Short descriptive text snippets
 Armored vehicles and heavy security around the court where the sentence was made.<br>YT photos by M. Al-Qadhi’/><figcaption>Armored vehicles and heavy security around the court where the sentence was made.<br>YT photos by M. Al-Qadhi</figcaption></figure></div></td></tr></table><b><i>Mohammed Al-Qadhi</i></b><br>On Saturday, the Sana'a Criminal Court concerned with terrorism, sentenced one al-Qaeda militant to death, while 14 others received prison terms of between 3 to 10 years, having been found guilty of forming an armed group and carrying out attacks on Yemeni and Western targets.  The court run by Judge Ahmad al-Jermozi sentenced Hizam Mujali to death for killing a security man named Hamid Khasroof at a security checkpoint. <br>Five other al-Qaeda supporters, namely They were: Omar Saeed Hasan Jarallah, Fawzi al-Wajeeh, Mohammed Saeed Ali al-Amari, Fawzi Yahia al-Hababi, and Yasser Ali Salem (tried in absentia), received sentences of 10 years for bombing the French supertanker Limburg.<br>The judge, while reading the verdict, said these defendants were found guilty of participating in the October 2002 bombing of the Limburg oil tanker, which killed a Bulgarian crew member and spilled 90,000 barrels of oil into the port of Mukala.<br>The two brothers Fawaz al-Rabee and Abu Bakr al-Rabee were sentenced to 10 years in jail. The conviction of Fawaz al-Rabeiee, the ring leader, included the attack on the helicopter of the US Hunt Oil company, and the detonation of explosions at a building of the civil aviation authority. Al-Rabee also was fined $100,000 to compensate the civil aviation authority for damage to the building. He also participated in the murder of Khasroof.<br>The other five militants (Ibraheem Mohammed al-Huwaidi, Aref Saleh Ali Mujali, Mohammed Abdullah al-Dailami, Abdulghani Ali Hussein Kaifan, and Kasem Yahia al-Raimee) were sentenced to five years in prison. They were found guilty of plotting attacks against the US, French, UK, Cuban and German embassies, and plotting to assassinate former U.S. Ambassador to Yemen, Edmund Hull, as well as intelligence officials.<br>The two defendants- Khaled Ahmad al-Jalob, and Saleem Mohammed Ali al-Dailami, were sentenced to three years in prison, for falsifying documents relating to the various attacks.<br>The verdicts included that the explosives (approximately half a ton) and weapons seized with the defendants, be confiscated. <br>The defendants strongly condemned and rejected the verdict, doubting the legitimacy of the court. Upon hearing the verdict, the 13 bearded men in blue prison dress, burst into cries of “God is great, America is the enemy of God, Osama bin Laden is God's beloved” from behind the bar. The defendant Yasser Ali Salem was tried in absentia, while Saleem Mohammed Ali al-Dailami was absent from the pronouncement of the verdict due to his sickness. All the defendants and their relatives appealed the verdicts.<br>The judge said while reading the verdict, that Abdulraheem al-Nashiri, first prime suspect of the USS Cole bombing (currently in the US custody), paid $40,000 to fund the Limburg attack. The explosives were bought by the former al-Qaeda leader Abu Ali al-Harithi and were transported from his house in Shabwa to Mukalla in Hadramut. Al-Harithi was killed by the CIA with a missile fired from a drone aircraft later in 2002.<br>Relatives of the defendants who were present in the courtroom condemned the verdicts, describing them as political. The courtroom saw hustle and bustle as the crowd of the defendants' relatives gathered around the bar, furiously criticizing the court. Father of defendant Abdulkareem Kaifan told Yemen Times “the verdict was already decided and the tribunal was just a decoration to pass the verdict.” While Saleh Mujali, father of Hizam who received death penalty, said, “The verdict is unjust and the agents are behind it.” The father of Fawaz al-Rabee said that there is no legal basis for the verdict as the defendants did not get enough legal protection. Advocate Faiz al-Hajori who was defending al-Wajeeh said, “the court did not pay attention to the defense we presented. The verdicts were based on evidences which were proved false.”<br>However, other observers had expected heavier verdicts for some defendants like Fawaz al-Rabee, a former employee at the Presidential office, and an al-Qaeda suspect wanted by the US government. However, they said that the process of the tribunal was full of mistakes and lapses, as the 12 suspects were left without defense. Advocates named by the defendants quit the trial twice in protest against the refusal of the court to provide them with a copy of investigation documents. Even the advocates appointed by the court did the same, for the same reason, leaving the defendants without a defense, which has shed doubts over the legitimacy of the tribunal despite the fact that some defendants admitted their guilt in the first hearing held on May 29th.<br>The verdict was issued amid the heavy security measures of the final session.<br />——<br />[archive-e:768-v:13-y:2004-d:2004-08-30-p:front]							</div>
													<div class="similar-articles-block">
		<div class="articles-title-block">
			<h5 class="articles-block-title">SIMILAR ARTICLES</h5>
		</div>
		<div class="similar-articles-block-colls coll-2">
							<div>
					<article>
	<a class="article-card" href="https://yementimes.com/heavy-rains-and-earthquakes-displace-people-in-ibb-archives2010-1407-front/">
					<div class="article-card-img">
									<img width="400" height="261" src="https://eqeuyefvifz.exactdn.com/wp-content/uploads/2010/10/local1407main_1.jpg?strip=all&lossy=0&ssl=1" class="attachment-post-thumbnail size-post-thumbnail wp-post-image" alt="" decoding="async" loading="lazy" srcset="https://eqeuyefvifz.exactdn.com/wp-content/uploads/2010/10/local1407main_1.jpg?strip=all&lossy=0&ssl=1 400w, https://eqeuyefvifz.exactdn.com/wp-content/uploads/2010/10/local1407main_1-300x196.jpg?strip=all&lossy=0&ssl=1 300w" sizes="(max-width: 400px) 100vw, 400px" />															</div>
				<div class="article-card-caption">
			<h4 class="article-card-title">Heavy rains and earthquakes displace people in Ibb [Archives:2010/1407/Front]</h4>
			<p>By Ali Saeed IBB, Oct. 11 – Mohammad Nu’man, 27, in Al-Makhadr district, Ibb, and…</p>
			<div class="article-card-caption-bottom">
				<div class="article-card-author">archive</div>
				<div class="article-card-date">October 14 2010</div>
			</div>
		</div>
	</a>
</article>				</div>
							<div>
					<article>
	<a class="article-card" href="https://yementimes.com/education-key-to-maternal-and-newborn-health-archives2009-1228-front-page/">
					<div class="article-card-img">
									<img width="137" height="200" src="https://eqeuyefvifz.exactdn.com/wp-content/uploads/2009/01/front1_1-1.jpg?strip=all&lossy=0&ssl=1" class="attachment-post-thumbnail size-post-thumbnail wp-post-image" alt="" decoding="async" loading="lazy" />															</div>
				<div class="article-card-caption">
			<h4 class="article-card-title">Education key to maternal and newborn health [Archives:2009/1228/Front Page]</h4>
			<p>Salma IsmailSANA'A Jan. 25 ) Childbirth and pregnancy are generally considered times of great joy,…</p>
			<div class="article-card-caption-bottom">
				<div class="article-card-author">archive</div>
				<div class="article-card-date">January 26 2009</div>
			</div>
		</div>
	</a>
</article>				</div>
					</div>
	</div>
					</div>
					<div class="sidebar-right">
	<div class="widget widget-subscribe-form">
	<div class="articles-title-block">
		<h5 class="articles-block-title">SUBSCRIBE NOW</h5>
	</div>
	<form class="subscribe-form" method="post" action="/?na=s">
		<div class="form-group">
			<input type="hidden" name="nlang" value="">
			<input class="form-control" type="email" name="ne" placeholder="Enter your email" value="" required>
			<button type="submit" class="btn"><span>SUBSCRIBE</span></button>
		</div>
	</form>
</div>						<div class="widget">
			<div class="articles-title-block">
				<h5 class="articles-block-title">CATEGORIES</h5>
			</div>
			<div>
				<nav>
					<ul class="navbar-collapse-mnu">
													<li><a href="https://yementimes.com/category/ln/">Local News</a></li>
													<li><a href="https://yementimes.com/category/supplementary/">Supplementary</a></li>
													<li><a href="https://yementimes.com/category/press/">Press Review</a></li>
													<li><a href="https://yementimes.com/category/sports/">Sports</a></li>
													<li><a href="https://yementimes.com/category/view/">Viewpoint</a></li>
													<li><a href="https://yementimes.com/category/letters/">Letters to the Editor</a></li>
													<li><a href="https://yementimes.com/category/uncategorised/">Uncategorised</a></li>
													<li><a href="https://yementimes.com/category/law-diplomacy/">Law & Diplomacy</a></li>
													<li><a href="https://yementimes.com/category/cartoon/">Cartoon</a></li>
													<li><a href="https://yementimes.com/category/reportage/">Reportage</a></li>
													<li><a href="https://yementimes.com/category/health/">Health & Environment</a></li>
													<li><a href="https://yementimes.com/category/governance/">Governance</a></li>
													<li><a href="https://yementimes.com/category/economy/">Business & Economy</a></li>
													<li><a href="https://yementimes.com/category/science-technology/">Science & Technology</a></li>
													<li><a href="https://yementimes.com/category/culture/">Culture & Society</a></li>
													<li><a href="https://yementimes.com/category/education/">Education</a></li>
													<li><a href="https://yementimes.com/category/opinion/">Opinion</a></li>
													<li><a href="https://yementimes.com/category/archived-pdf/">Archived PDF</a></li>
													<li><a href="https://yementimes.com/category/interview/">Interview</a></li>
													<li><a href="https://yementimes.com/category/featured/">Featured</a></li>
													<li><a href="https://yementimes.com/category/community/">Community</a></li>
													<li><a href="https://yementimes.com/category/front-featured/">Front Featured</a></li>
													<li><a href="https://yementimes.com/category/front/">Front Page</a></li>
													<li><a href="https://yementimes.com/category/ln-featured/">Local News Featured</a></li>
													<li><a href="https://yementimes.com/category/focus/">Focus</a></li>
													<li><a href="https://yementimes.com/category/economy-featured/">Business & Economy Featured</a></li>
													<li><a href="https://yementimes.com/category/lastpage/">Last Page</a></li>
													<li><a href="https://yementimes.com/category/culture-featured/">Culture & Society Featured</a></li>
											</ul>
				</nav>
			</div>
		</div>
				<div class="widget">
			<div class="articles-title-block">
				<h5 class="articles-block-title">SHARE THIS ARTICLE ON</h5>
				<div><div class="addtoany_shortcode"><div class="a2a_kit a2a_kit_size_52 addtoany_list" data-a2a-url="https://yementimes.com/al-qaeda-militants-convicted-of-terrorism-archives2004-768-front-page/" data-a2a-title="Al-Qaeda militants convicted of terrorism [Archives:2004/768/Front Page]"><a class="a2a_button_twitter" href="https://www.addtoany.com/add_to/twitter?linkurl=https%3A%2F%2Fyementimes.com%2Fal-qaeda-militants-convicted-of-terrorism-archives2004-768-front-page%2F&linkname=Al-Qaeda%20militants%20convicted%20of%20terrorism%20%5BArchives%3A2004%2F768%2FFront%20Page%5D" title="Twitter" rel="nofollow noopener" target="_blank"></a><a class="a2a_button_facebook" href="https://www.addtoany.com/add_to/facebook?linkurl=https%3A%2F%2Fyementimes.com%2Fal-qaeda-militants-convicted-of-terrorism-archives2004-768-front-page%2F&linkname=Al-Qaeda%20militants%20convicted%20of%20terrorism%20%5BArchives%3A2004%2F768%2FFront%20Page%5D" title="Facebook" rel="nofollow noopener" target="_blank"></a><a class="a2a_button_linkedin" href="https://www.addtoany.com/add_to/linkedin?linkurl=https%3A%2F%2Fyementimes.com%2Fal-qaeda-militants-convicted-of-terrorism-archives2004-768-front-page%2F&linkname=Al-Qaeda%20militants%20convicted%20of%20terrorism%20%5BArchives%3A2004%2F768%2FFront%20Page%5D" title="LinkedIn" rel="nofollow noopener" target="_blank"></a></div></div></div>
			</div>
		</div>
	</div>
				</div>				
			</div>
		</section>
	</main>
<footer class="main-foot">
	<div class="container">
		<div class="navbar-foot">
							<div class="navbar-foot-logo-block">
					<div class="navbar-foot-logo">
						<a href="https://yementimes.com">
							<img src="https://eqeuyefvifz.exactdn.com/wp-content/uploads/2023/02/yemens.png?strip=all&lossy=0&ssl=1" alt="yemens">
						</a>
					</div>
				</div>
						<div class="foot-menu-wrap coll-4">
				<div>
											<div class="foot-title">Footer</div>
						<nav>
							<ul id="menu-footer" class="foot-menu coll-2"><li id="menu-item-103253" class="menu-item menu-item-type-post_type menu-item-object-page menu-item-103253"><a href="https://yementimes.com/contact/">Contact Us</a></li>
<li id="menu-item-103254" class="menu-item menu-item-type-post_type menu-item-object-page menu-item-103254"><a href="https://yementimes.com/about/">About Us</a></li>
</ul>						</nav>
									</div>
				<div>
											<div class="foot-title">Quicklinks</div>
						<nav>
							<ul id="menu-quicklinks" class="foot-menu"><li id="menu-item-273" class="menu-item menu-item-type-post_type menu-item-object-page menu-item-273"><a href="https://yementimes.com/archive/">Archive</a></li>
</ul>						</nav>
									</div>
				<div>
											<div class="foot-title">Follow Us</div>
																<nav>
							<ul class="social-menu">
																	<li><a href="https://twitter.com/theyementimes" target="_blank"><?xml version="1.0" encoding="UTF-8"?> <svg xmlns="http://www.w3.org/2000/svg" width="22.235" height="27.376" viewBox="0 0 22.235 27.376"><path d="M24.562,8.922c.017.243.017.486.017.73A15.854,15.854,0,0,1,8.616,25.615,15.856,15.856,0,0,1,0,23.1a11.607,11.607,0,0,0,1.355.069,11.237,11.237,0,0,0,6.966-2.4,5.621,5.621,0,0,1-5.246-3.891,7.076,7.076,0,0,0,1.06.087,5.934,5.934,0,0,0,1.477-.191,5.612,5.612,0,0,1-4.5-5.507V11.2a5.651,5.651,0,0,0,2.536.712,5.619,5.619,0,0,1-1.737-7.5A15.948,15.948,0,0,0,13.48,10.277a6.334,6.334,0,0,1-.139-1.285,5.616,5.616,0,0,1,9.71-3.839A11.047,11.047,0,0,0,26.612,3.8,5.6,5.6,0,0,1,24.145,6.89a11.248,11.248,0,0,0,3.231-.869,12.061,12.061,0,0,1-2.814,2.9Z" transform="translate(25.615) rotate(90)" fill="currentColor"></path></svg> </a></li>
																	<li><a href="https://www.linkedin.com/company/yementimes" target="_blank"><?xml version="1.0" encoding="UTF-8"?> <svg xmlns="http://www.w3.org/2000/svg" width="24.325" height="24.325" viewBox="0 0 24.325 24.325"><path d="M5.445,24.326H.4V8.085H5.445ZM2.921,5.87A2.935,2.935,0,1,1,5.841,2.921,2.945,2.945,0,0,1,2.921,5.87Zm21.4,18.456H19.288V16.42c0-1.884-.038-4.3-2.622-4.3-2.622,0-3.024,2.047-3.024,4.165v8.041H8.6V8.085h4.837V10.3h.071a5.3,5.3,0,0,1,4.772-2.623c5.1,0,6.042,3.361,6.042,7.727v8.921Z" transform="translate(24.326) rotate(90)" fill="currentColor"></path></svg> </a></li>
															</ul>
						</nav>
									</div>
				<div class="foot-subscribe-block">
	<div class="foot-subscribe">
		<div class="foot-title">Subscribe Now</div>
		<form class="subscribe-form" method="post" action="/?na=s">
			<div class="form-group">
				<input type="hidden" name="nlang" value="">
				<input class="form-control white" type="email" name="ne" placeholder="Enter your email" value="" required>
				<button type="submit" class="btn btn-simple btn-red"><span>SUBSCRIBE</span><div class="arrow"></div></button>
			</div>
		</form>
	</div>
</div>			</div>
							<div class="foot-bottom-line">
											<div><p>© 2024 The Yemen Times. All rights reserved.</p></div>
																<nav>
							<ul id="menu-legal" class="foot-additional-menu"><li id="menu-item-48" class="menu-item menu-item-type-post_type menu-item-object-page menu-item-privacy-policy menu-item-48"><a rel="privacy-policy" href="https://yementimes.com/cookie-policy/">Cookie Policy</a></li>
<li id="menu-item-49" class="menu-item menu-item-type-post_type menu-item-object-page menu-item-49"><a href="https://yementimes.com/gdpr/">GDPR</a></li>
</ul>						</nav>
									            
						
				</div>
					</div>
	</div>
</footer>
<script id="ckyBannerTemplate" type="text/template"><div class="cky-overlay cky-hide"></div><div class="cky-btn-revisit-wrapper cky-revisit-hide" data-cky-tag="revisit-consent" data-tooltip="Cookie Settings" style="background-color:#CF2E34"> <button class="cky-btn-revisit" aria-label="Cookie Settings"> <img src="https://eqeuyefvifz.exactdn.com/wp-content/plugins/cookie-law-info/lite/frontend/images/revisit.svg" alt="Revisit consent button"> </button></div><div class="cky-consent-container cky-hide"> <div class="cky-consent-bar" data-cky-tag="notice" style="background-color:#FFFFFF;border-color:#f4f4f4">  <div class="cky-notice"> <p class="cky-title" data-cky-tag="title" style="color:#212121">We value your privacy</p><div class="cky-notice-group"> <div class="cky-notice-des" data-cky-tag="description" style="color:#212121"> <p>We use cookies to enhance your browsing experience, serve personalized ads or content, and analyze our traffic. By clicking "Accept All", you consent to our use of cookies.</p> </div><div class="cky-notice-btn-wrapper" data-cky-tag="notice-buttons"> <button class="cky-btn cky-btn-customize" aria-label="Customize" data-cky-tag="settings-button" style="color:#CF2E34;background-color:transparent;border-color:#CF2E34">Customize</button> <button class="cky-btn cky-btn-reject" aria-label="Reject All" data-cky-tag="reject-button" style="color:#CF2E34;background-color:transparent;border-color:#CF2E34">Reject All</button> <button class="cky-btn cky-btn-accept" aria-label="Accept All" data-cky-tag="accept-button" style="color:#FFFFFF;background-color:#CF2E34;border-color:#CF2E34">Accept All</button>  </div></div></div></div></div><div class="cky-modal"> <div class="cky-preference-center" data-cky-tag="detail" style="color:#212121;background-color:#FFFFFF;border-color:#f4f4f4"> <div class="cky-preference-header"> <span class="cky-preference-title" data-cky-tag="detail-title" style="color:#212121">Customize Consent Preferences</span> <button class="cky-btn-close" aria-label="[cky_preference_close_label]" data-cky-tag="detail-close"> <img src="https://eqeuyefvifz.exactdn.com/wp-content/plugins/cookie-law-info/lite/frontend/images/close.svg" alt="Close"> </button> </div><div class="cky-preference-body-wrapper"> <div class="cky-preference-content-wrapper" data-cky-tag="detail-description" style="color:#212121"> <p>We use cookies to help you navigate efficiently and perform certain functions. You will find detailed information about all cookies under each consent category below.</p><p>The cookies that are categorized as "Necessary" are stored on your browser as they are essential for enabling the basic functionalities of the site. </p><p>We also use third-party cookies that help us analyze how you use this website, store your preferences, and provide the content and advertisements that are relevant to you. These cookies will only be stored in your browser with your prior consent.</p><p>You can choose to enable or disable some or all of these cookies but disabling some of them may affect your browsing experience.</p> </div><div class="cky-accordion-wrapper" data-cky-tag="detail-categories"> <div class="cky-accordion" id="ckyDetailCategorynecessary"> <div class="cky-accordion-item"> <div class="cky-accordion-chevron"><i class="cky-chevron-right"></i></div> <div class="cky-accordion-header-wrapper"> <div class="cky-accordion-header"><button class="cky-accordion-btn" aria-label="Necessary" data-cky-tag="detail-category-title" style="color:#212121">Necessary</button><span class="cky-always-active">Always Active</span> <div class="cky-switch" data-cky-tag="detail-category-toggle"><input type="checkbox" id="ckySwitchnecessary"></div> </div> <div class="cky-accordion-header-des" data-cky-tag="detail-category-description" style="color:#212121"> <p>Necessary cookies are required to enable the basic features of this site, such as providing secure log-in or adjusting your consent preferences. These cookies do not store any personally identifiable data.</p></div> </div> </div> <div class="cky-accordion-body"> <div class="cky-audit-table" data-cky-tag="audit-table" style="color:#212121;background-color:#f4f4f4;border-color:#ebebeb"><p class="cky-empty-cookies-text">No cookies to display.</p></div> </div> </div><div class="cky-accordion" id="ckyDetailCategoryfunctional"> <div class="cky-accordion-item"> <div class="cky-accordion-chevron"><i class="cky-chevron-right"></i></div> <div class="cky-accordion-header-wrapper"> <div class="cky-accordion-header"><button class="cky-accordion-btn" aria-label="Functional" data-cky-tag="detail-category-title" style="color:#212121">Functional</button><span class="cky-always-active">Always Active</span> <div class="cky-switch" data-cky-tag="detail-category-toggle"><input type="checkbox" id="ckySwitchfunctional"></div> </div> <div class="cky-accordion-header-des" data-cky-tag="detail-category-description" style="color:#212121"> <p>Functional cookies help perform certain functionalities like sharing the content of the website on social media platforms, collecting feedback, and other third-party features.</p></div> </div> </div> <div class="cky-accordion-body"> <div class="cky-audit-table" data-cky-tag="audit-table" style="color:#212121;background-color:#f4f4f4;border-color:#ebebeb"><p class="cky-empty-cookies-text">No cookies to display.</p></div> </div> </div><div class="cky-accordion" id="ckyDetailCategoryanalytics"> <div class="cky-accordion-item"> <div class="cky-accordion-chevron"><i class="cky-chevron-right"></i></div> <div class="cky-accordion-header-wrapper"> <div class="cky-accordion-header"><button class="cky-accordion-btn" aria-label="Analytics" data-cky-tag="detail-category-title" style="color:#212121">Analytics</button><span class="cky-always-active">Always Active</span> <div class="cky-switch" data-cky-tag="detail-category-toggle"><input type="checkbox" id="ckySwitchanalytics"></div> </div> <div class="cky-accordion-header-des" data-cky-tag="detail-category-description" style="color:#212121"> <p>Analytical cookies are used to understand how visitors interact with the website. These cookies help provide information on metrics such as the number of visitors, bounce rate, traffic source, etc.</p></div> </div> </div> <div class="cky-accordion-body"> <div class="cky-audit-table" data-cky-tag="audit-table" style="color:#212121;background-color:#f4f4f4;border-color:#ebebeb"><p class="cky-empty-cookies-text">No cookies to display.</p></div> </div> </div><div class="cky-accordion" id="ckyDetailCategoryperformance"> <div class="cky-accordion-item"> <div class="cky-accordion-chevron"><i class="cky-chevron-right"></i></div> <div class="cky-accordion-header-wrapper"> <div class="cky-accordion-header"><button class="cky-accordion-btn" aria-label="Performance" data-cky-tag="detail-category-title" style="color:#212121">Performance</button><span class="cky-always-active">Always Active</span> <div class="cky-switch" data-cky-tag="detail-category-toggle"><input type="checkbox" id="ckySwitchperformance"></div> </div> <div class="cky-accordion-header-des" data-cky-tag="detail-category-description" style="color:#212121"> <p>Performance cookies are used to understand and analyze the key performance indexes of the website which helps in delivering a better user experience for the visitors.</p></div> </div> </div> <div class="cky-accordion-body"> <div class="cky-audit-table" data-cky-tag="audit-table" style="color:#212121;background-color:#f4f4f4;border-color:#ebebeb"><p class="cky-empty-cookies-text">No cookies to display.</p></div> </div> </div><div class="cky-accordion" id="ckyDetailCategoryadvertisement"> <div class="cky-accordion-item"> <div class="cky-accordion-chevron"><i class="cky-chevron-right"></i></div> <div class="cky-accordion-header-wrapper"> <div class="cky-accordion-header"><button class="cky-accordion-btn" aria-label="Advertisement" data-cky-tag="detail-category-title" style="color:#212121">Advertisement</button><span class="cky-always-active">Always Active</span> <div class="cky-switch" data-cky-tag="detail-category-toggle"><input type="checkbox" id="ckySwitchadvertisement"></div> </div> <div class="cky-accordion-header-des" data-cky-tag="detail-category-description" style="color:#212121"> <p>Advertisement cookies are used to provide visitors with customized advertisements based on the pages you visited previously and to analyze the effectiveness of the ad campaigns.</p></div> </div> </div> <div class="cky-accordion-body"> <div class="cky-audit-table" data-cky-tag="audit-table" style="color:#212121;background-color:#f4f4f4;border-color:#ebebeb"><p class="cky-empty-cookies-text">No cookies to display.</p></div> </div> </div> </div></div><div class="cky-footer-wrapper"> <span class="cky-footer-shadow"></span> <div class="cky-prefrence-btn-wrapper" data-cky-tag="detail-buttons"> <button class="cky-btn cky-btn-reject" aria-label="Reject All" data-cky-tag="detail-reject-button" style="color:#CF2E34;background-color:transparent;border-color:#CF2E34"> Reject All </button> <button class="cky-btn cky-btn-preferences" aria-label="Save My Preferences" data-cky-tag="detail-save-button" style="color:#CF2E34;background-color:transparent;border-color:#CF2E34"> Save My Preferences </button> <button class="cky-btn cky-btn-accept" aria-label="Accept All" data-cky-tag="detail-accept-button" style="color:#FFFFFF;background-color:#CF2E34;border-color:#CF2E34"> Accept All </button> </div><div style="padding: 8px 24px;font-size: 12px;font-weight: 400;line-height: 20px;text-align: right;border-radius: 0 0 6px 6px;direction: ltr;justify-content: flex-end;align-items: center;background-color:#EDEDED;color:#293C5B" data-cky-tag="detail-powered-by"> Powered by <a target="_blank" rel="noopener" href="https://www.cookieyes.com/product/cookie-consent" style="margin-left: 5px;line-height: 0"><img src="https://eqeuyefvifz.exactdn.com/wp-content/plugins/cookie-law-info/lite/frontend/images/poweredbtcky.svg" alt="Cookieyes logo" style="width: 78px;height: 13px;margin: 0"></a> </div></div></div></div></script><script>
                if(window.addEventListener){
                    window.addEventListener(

• AIM OF THE TASK
Every line in the data above that includes the word "action" should be copied.

• RESULT OF THE EXERCISE
	<form class="subscribe-form" method="post" action="/?na=s">
		<form class="subscribe-form" method="post" action="/?na=s">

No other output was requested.